• [About this task]: All lines before the one containing "Blush Sequin Sleeveless", plus that line itself, are to be printed exactly as they appear below.

═════ Raw data

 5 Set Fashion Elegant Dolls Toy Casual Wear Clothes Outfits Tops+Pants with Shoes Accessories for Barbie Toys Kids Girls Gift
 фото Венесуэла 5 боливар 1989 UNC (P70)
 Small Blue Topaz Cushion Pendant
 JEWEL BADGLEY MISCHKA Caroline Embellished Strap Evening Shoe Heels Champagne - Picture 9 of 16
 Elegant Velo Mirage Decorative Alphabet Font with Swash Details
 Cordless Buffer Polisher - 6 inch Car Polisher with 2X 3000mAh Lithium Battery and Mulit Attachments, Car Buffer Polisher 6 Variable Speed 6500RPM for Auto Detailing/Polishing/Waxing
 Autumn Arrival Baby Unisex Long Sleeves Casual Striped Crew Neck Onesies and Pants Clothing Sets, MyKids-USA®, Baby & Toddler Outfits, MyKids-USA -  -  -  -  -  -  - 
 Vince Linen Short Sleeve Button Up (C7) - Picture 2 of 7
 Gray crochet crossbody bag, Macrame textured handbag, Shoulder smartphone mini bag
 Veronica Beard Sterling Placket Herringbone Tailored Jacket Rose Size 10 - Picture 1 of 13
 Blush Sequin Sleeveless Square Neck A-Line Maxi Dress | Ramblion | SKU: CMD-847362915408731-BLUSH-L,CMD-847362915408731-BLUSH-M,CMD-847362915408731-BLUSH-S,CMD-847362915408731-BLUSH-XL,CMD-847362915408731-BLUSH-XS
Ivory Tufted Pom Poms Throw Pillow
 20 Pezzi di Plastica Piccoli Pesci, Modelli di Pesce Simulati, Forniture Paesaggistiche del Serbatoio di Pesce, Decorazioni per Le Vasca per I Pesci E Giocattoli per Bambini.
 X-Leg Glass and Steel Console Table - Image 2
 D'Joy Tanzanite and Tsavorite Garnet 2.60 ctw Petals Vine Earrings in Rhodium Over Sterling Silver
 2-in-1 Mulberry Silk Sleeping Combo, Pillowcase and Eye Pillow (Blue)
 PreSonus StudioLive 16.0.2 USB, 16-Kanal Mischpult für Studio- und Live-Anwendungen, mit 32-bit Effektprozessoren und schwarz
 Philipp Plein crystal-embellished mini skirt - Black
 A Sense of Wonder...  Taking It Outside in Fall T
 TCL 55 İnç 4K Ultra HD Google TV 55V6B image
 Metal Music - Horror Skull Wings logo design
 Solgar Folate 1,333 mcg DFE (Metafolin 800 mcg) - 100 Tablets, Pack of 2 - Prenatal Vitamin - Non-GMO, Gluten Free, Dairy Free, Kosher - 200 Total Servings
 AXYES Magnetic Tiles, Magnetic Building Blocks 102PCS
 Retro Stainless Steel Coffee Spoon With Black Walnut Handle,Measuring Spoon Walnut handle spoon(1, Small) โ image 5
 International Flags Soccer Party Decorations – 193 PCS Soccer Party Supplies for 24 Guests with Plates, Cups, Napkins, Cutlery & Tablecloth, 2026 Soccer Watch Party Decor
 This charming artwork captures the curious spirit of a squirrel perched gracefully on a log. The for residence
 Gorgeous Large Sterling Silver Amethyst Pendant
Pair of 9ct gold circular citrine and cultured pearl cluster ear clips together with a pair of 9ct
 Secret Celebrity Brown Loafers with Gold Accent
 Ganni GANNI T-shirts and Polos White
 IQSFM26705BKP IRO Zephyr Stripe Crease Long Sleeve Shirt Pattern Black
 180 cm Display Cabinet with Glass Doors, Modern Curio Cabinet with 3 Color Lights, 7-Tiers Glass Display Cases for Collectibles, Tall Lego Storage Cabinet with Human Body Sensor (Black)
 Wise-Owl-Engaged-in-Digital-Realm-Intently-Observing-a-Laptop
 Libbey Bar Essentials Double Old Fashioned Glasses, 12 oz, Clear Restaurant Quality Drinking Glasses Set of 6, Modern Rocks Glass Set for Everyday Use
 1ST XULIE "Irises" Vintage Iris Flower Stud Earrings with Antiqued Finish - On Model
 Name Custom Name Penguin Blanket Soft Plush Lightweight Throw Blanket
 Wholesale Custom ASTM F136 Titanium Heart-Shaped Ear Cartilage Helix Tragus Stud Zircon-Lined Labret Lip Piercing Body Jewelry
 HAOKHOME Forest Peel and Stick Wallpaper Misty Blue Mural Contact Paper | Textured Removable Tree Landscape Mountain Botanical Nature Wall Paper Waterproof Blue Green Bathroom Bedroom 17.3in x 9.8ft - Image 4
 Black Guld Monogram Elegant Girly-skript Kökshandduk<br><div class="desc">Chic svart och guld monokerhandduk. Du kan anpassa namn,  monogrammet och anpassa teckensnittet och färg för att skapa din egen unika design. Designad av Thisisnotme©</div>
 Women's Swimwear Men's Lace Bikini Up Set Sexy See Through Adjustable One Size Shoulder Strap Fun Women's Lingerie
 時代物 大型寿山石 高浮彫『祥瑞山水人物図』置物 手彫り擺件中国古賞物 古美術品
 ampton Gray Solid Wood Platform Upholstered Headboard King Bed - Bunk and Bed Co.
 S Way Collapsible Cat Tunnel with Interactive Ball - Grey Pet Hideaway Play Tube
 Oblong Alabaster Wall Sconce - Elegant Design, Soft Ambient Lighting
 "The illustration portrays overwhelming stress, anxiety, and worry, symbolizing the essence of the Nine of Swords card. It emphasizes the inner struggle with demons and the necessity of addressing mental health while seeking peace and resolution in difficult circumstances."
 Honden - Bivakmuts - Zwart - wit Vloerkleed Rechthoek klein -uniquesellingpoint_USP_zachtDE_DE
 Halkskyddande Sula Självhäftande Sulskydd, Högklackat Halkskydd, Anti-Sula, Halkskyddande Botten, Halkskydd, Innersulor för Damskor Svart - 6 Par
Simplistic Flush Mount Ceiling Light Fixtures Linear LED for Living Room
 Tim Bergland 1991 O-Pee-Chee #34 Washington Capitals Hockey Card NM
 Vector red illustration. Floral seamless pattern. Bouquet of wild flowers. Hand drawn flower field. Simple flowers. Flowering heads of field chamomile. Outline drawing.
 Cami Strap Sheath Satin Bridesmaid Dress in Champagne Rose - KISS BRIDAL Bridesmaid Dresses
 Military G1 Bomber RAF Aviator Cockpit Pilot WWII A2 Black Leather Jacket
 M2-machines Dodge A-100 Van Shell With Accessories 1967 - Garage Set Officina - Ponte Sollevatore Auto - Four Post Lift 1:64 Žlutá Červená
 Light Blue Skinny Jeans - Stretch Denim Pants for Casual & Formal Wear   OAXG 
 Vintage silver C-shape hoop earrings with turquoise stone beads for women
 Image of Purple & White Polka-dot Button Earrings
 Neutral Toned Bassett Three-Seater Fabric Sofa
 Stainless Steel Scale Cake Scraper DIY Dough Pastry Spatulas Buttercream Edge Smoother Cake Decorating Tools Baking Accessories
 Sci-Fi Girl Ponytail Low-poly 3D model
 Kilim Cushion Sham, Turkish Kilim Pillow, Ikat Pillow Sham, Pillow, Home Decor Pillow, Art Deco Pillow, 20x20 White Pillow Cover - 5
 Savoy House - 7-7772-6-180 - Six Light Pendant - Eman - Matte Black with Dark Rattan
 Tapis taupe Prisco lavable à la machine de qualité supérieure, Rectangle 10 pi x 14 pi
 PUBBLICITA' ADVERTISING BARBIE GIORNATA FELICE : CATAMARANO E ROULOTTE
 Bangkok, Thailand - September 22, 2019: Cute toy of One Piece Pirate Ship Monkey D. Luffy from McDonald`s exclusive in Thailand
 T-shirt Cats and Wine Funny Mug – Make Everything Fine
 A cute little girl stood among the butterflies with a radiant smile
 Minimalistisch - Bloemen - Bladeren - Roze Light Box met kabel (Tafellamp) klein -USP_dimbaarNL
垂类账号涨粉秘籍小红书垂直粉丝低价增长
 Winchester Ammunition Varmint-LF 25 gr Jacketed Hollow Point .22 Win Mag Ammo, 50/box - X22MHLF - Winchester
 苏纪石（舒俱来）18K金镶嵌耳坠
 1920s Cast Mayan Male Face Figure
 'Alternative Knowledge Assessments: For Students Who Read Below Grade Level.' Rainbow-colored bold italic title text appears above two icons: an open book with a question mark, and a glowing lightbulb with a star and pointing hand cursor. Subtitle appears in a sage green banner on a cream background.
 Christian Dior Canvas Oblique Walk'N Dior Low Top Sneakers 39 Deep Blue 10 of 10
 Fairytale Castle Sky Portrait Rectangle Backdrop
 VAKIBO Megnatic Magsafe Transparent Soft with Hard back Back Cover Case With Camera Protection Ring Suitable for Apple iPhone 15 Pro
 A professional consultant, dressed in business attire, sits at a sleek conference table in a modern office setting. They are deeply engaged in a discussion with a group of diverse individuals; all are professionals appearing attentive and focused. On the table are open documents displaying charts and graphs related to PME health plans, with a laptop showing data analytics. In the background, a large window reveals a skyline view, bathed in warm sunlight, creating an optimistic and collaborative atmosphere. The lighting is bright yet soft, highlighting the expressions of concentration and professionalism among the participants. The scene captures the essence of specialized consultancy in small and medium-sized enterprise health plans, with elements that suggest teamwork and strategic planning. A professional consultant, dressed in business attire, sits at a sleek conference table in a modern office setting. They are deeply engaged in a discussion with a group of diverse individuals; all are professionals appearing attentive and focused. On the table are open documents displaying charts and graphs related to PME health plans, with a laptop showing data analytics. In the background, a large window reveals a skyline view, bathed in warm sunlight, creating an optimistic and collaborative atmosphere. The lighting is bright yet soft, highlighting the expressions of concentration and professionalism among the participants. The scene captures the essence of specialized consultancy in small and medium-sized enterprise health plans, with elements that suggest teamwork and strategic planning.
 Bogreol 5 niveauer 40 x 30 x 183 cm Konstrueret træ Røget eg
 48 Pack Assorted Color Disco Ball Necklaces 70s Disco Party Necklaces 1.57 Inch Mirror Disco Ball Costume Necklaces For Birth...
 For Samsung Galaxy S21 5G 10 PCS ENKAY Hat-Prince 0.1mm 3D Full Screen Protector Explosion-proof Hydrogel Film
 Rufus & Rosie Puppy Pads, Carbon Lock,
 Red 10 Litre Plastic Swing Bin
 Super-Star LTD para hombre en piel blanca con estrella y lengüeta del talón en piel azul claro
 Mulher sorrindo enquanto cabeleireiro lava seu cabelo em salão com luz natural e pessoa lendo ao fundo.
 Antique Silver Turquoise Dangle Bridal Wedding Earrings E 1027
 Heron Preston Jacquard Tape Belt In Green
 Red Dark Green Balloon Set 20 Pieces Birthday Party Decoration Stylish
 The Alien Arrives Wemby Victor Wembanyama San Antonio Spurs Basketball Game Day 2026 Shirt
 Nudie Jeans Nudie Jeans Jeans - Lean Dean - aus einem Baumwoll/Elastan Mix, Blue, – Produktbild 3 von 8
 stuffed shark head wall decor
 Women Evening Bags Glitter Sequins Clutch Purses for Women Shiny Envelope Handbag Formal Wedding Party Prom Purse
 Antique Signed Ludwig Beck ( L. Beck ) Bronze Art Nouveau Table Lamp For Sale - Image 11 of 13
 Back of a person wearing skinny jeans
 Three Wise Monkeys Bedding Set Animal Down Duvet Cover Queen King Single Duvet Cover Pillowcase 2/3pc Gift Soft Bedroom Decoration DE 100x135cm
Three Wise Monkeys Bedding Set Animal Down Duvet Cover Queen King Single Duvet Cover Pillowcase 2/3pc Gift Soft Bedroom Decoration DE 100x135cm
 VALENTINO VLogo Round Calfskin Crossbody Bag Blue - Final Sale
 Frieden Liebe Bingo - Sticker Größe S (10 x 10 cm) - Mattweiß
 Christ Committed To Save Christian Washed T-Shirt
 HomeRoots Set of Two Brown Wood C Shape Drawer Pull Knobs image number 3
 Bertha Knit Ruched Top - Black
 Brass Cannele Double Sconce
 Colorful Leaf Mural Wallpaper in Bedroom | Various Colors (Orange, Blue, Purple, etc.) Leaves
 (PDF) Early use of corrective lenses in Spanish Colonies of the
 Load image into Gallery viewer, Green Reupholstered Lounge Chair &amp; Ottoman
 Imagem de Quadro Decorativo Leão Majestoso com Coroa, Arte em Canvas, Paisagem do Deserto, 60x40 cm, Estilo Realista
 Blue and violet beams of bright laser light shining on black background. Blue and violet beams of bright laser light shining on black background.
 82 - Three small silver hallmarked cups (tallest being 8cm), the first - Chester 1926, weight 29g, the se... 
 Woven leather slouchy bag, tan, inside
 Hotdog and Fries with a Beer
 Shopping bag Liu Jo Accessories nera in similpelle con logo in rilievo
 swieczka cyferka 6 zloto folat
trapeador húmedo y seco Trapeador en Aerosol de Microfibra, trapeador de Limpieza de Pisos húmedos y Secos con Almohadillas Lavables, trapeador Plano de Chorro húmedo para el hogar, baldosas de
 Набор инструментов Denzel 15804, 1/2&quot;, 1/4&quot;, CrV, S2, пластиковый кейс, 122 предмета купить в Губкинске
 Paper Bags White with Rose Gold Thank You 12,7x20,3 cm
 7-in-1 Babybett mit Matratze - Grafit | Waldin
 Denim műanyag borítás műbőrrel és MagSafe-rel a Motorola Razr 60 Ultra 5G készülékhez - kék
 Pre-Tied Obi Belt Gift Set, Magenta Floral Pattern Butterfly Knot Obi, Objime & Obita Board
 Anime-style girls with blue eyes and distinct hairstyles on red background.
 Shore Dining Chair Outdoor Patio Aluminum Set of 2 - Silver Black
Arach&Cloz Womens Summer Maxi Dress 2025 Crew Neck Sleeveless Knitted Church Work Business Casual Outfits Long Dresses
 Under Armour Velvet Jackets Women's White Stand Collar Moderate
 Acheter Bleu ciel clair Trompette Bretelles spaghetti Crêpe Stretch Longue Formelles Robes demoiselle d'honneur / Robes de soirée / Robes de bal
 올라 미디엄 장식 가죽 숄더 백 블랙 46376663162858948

══════════

• [Written reply]:
 5 Set Fashion Elegant Dolls Toy Casual Wear Clothes Outfits Tops+Pants with Shoes Accessories for Barbie Toys Kids Girls Gift
 фото Венесуэла 5 боливар 1989 UNC (P70)
 Small Blue Topaz Cushion Pendant
 JEWEL BADGLEY MISCHKA Caroline Embellished Strap Evening Shoe Heels Champagne - Picture 9 of 16
 Elegant Velo Mirage Decorative Alphabet Font with Swash Details
 Cordless Buffer Polisher - 6 inch Car Polisher with 2X 3000mAh Lithium Battery and Mulit Attachments, Car Buffer Polisher 6 Variable Speed 6500RPM for Auto Detailing/Polishing/Waxing
 Autumn Arrival Baby Unisex Long Sleeves Casual Striped Crew Neck Onesies and Pants Clothing Sets, MyKids-USA®, Baby & Toddler Outfits, MyKids-USA -  -  -  -  -  -  - 
 Vince Linen Short Sleeve Button Up (C7) - Picture 2 of 7
 Gray crochet crossbody bag, Macrame textured handbag, Shoulder smartphone mini bag
 Veronica Beard Sterling Placket Herringbone Tailored Jacket Rose Size 10 - Picture 1 of 13
 Blush Sequin Sleeveless Square Neck A-Line Maxi Dress | Ramblion | SKU: CMD-847362915408731-BLUSH-L,CMD-847362915408731-BLUSH-M,CMD-847362915408731-BLUSH-S,CMD-847362915408731-BLUSH-XL,CMD-847362915408731-BLUSH-XS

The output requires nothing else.